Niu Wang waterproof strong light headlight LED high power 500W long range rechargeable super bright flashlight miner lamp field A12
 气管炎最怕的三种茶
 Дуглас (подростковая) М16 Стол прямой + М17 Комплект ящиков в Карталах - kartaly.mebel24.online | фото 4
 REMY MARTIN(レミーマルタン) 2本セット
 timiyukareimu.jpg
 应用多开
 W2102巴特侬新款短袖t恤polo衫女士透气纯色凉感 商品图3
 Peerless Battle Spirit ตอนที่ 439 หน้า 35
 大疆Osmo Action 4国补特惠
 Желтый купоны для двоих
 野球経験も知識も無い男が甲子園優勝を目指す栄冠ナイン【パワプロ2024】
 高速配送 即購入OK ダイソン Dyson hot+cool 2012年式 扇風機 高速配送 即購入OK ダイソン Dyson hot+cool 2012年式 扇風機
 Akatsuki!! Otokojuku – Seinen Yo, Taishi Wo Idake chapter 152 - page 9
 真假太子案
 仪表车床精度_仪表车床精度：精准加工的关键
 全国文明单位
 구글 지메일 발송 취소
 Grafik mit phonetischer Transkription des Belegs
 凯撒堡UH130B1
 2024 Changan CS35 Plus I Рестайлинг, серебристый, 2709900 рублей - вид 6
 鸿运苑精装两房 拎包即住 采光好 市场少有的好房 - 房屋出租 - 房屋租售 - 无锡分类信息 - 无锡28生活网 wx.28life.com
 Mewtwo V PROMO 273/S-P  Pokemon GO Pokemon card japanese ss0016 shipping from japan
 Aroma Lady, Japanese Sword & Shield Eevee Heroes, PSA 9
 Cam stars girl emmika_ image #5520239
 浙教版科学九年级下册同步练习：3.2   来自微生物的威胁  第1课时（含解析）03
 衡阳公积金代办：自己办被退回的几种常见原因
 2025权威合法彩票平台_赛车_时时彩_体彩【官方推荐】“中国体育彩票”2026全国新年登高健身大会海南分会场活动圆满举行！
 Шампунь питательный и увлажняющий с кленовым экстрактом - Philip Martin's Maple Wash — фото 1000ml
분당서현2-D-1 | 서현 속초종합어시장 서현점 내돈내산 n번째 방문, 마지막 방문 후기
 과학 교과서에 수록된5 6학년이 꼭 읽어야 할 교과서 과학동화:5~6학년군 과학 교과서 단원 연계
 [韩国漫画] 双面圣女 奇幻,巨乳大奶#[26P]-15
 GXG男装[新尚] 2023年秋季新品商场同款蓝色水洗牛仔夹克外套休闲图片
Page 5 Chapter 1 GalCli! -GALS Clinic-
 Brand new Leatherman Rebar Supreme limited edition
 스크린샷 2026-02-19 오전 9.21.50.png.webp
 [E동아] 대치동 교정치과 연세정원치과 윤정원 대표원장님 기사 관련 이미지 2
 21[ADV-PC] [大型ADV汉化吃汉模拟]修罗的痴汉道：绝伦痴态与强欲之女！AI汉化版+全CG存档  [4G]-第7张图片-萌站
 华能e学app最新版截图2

_WHAT YOU NEED TO DO:_
Your task is to extract all of the records exactly.

_EXERCISE SOLUTION:_
Niu Wang waterproof strong light headlight LED high power 500W long range rechargeable super bright flashlight miner lamp field A12
 气管炎最怕的三种茶
 Дуглас (подростковая) М16 Стол прямой + М17 Комплект ящиков в Карталах - kartaly.mebel24.online | фото 4
 REMY MARTIN(レミーマルタン) 2本セット
 timiyukareimu.jpg
 应用多开
 W2102巴特侬新款短袖t恤polo衫女士透气纯色凉感 商品图3
 Peerless Battle Spirit ตอนที่ 439 หน้า 35
 大疆Osmo Action 4国补特惠
 Желтый купоны для двоих
 野球経験も知識も無い男が甲子園優勝を目指す栄冠ナイン【パワプロ2024】
 高速配送 即購入OK ダイソン Dyson hot+cool 2012年式 扇風機 高速配送 即購入OK ダイソン Dyson hot+cool 2012年式 扇風機
 Akatsuki!! Otokojuku – Seinen Yo, Taishi Wo Idake chapter 152 - page 9
 真假太子案
 仪表车床精度_仪表车床精度：精准加工的关键
 全国文明单位
 구글 지메일 발송 취소
 Grafik mit phonetischer Transkription des Belegs
 凯撒堡UH130B1
 2024 Changan CS35 Plus I Рестайлинг, серебристый, 2709900 рублей - вид 6
 鸿运苑精装两房 拎包即住 采光好 市场少有的好房 - 房屋出租 - 房屋租售 - 无锡分类信息 - 无锡28生活网 wx.28life.com
 Mewtwo V PROMO 273/S-P  Pokemon GO Pokemon card japanese ss0016 shipping from japan
 Aroma Lady, Japanese Sword & Shield Eevee Heroes, PSA 9
 Cam stars girl emmika_ image #5520239
 浙教版科学九年级下册同步练习：3.2   来自微生物的威胁  第1课时（含解析）03
 衡阳公积金代办：自己办被退回的几种常见原因
 2025权威合法彩票平台_赛车_时时彩_体彩【官方推荐】“中国体育彩票”2026全国新年登高健身大会海南分会场活动圆满举行！
 Шампунь питательный и увлажняющий с кленовым экстрактом - Philip Martin's Maple Wash — фото 1000ml
분당서현2-D-1 | 서현 속초종합어시장 서현점 내돈내산 n번째 방문, 마지막 방문 후기
 과학 교과서에 수록된5 6학년이 꼭 읽어야 할 교과서 과학동화:5~6학년군 과학 교과서 단원 연계
 [韩国漫画] 双面圣女 奇幻,巨乳大奶#[26P]-15
 GXG男装[新尚] 2023年秋季新品商场同款蓝色水洗牛仔夹克外套休闲图片
Page 5 Chapter 1 GalCli! -GALS Clinic-
 Brand new Leatherman Rebar Supreme limited edition
 스크린샷 2026-02-19 오전 9.21.50.png.webp
 [E동아] 대치동 교정치과 연세정원치과 윤정원 대표원장님 기사 관련 이미지 2
 21[ADV-PC] [大型ADV汉化吃汉模拟]修罗的痴汉道：绝伦痴态与强欲之女！AI汉化版+全CG存档  [4G]-第7张图片-萌站
 华能e学app最新版截图2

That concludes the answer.